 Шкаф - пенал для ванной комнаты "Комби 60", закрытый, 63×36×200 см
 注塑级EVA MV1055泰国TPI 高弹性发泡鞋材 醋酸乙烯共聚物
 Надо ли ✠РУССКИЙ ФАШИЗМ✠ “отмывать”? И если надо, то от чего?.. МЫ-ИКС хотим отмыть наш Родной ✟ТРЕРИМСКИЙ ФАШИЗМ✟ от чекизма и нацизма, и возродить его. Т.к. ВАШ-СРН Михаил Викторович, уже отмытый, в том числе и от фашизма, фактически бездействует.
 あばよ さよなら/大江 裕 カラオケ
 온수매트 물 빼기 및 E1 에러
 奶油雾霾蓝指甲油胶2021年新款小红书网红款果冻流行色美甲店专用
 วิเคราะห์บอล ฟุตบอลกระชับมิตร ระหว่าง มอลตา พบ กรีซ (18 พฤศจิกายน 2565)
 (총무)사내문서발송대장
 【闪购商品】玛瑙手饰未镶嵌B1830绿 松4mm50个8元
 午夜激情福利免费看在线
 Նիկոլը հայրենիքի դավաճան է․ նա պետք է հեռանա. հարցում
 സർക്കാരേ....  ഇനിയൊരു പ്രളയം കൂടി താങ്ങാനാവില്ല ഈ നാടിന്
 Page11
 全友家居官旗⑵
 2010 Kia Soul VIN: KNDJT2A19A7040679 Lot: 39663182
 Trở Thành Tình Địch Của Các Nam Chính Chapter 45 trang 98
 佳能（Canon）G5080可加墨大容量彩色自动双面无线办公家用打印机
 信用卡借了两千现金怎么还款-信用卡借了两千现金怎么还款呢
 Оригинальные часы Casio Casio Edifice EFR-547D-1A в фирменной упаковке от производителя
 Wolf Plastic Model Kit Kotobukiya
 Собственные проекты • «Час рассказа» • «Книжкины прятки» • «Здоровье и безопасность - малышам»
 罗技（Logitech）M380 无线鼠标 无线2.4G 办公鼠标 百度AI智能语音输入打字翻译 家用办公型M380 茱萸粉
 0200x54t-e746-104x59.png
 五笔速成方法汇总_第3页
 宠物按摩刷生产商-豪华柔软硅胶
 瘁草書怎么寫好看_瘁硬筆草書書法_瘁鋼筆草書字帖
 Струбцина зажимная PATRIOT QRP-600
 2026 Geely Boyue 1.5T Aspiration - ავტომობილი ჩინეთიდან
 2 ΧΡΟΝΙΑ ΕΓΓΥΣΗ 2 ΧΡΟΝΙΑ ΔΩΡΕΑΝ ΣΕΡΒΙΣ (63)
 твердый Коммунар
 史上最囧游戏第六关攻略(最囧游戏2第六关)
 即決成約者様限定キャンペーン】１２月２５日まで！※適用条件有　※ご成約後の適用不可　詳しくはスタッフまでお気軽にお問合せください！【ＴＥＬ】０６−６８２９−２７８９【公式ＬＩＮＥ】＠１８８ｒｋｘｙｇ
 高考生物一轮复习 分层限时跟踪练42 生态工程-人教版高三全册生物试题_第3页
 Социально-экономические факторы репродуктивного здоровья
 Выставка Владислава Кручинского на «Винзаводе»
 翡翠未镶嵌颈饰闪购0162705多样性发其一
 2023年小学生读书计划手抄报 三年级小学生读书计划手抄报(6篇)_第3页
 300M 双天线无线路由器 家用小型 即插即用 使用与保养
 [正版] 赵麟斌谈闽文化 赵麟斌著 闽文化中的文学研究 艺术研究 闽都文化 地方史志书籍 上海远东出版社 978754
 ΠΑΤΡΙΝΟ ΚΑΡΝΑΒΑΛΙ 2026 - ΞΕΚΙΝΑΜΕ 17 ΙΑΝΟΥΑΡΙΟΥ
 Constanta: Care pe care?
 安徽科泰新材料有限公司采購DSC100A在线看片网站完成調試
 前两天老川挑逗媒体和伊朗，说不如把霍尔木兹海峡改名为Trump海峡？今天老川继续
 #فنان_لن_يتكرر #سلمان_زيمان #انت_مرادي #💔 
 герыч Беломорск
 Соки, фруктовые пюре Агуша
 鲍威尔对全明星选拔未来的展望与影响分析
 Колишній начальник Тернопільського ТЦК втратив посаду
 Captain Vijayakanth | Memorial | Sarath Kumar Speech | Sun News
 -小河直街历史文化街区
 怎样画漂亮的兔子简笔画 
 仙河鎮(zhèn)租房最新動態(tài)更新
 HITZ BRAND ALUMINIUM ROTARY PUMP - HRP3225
##########
Would you please reproduce every line from the one containing "2026 Geely Boyue" through the final line of the listing, and only those lines?

 2026 Geely Boyue 1.5T Aspiration - ავტომობილი ჩინეთიდან
 2 ΧΡΟΝΙΑ ΕΓΓΥΣΗ 2 ΧΡΟΝΙΑ ΔΩΡΕΑΝ ΣΕΡΒΙΣ (63)
 твердый Коммунар
 史上最囧游戏第六关攻略(最囧游戏2第六关)
 即決成約者様限定キャンペーン】１２月２５日まで！※適用条件有　※ご成約後の適用不可　詳しくはスタッフまでお気軽にお問合せください！【ＴＥＬ】０６−６８２９−２７８９【公式ＬＩＮＥ】＠１８８ｒｋｘｙｇ
 高考生物一轮复习 分层限时跟踪练42 生态工程-人教版高三全册生物试题_第3页
 Социально-экономические факторы репродуктивного здоровья
 Выставка Владислава Кручинского на «Винзаводе»
 翡翠未镶嵌颈饰闪购0162705多样性发其一
 2023年小学生读书计划手抄报 三年级小学生读书计划手抄报(6篇)_第3页
 300M 双天线无线路由器 家用小型 即插即用 使用与保养
 [正版] 赵麟斌谈闽文化 赵麟斌著 闽文化中的文学研究 艺术研究 闽都文化 地方史志书籍 上海远东出版社 978754
 ΠΑΤΡΙΝΟ ΚΑΡΝΑΒΑΛΙ 2026 - ΞΕΚΙΝΑΜΕ 17 ΙΑΝΟΥΑΡΙΟΥ
 Constanta: Care pe care?
 安徽科泰新材料有限公司采購DSC100A在线看片网站完成調試
 前两天老川挑逗媒体和伊朗，说不如把霍尔木兹海峡改名为Trump海峡？今天老川继续
 #فنان_لن_يتكرر #سلمان_زيمان #انت_مرادي #💔 
 герыч Беломорск
 Соки, фруктовые пюре Агуша
 鲍威尔对全明星选拔未来的展望与影响分析
 Колишній начальник Тернопільського ТЦК втратив посаду
 Captain Vijayakanth | Memorial | Sarath Kumar Speech | Sun News
 -小河直街历史文化街区
 怎样画漂亮的兔子简笔画 
 仙河鎮(zhèn)租房最新動態(tài)更新
 HITZ BRAND ALUMINIUM ROTARY PUMP - HRP3225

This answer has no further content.